GIVEN DATA Start Marker

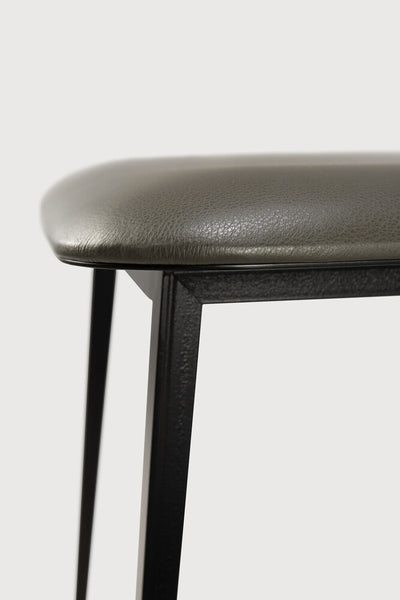 DC Dining Chair - Olive Leather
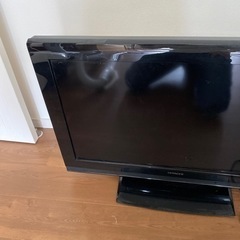【ジャンク】日立液晶テレビ　L32-C05の画像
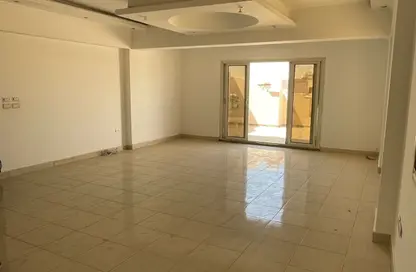 شقة - 3 غرف نوم - 2 حمامات للايجار في شارع الشيخ ابراهيم حمروش - البنفسج 7 - البنفسج - مدينة القاهرة الجديدة - القاهرة
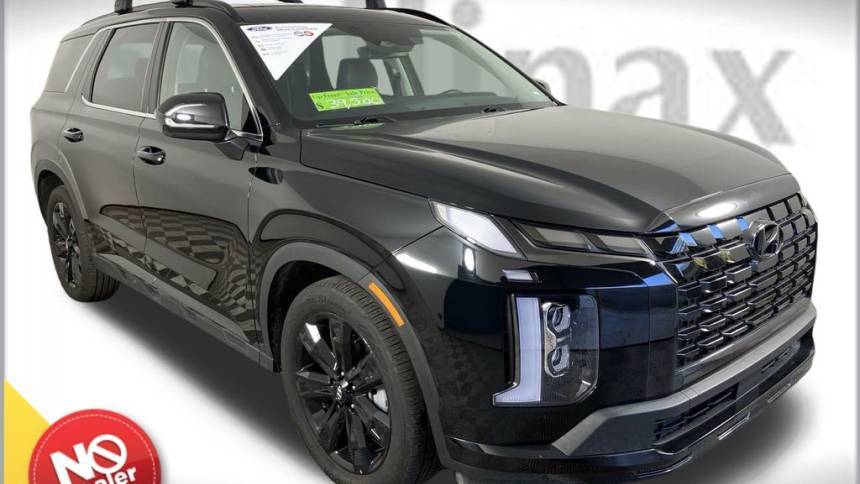 2024 Hyundai Palisade XRT — SUV — 18,748 mi — Vero Beach, FL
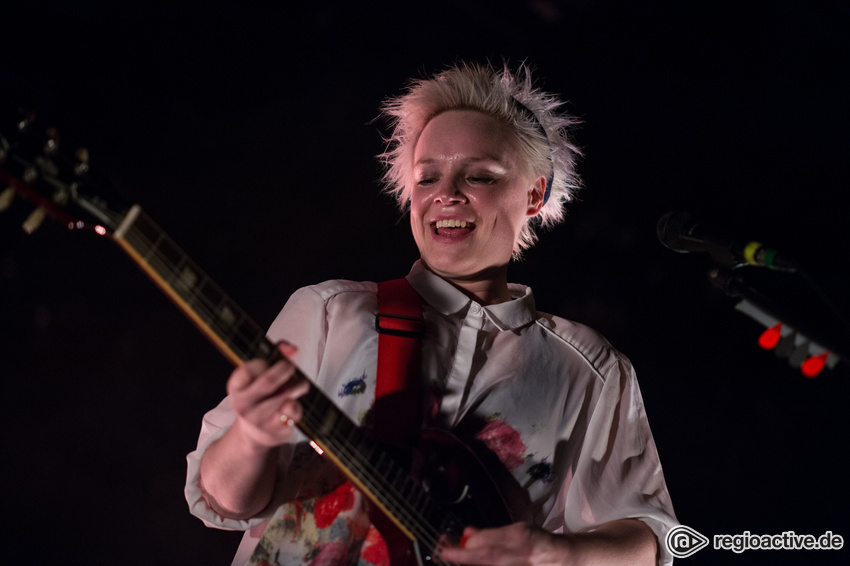 Wallis Bird (live in Mannheim 2017)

GIVEN DATA End Marker

PROBLEM TO SOLVE - Skip the pictures, then write out every entry exactly.

SOLUTION -
 DC Dining Chair - Olive Leather
【ジャンク】日立液晶テレビ　L32-C05の画像
 شقة - 3 غرف نوم - 2 حمامات للايجار في شارع الشيخ ابراهيم حمروش - البنفسج 7 - البنفسج - مدينة القاهرة الجديدة - القاهرة
 2024 Hyundai Palisade XRT — SUV — 18,748 mi — Vero Beach, FL
 Wallis Bird (live in Mannheim 2017)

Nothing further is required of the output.